Influential Leaders

Felipe Larranín Bascuñán

Director, Latin American Center for Economic and Social Policies at Universidad Católica de Chile (CLAPES UC)
Recognition Year(s): 2015
Area of Impact: Public Service or Military
School: Escuela de Administración, Pontificia Universidad Católica de Chile
Location: Chile

Felipe Larraín Buscuñán served as Chile´s finance minister From March 2010 to March 2014, and as vice president of Chile in February 2014. Buscuñán earned his bachelor’s degree (1981) from Universidad Católica de Chile (UC) and his MA (1983) and PhD (1985) degrees in economics from Harvard University. He has vast experience as an international advisor, consultant, academician, editor, and author of 12 books and over 120 articles, published in Latin America, the U.S., Europe, and Asia.

As Chile's finance minister, Larraín is recognized for the creation of nearly 1 million new jobs during the period 2010–14. The unemployment rate in Chile decreased during this period, achieving the lowest value in almost 30 years at 5.7 percent. His period as finance minister is also distinct for the sustained expansion of GDP and a tax reform in 2012, which allowed the injection of around 1 billion USD to the annual education budget.

Larraín has contributed to the economic development, social development, and poverty alleviation of Chile and Latin America as a consultant of several governments and institutions. In 1986, he received an award from the Magisterio Nacional Boliviano for distinguished service as economic advisor to the president of Bolivia. Larraín has also received numerous illustrious finance awards in Latin America and was named alumnae of the year at the faculty of business and economics of UC (2002).
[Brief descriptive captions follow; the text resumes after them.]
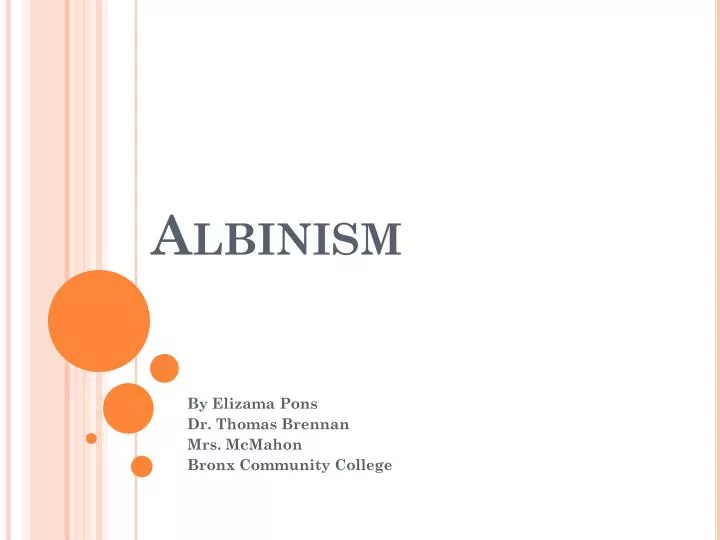 albinism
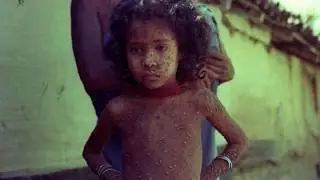 The Smallpox Vaccine: Ending 3,000 Years of Torture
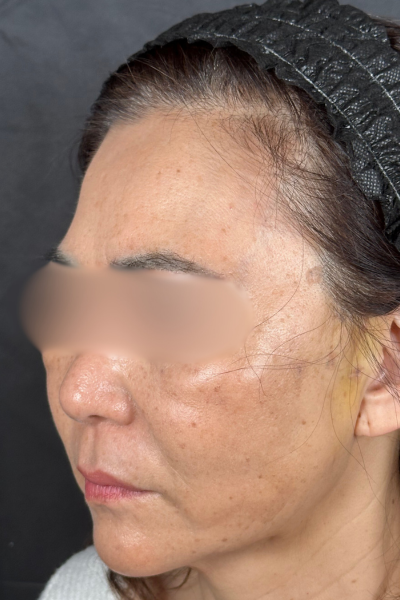 手術前の状態 その1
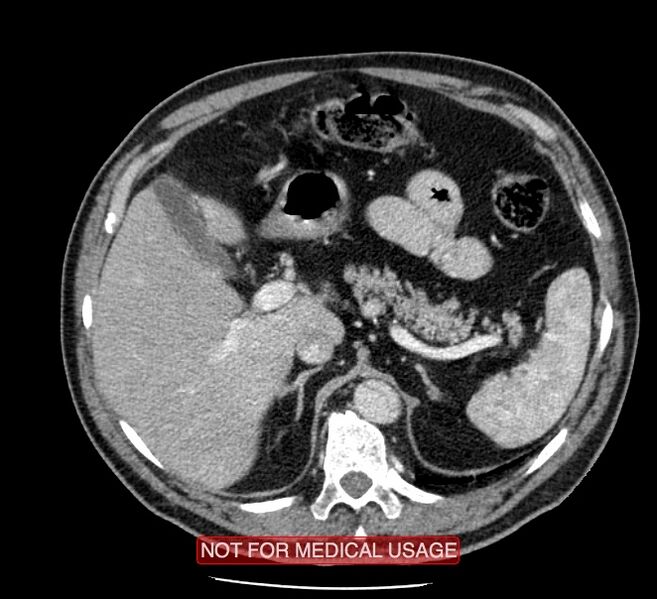 File:Acute aortic dissection - Stanford type A (Radiopaedia 40661-43285 Axial C+ portal venous phase 74).jpg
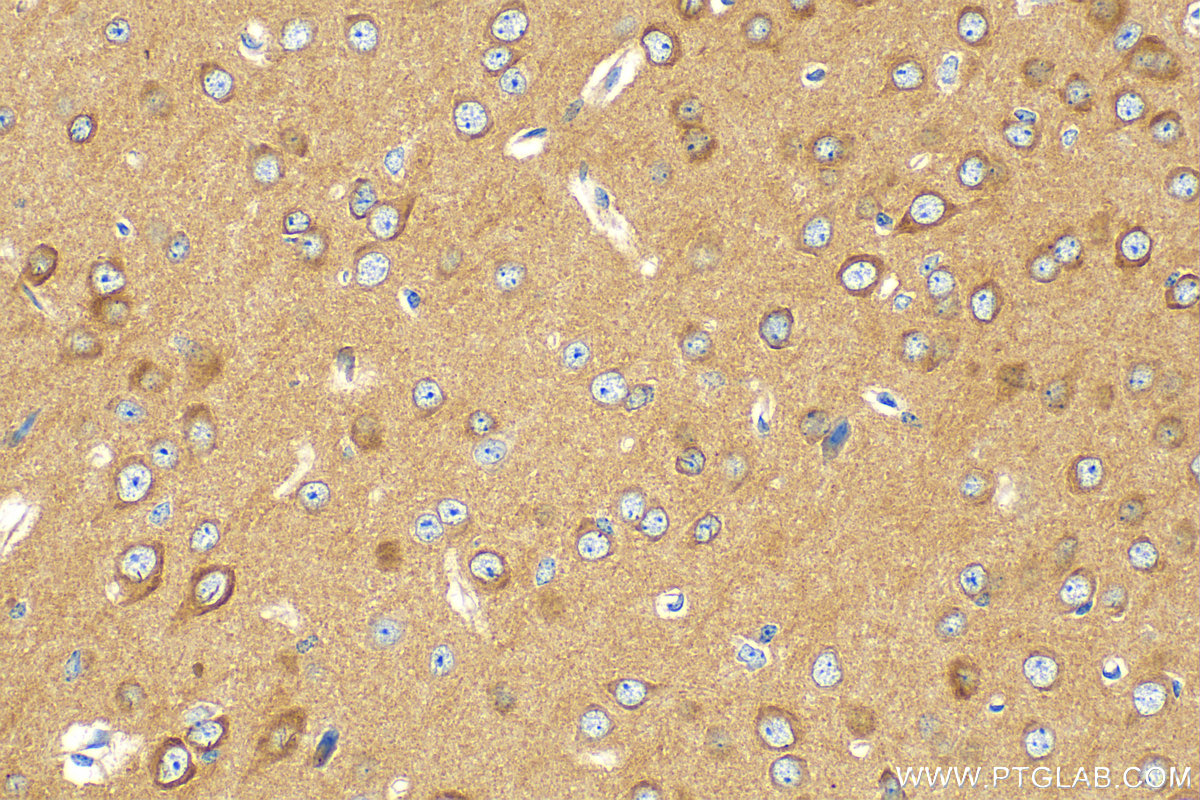 IHC staining of mouse brain using 17747-1-AP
Since 1996, Larraín has been professor of economics at UC and is currently director of the Latin American Center for Economic and Social Policies at UC. From 1997 to 2002 he was affiliated with Harvard University, first as the Robert F. Kennedy Visiting Professor of Latin American Studies, then as a faculty fellow. Since 1985 he has served as economic advisor to several governments throughout the Americas and is a consultant on macroeconomic issues to the UN, the World Bank, the Economic Commission for Latin America and the Caribbean (ECLAC), the Inter-American Development Bank, and the International Monetary Fund.

For his scholarship, Larraín received the Daniel Cosio Villegas award (1991) for one of the best three articles published in El Trimestre Económico during 1989–90. His book Macroeconomics in the Global Economy, coauthored with Professor Jeffrey Sachs (Prentice Hall 1993), has been translated into Chinese, German, Italian, Japanese, Portuguese, Russian and Spanish, and is currently in its third edition (2013).

Larraín has also contributed to business development in Chile as board member of important companies including Antarchile, ABN Amro Bank, Deutsche Bank, Empresas Conosur, Embotelladora Andina, and Empresas Iansa, among others. In October 2014 he joined—as a founding member—the World Bank´s Doing Business Advisory Board. He previously served as a board member of Chile´s Poverty Alleviation Foundation and in June 2014 became a member of the UN´s Leadership Council of the Sustainable Development Solutions Network (SDSN).

Larraín’s contributions to the economic welfare of not only Latin America but the world at large are evidenced by his highly distinguished career, endless research, and generous service to society.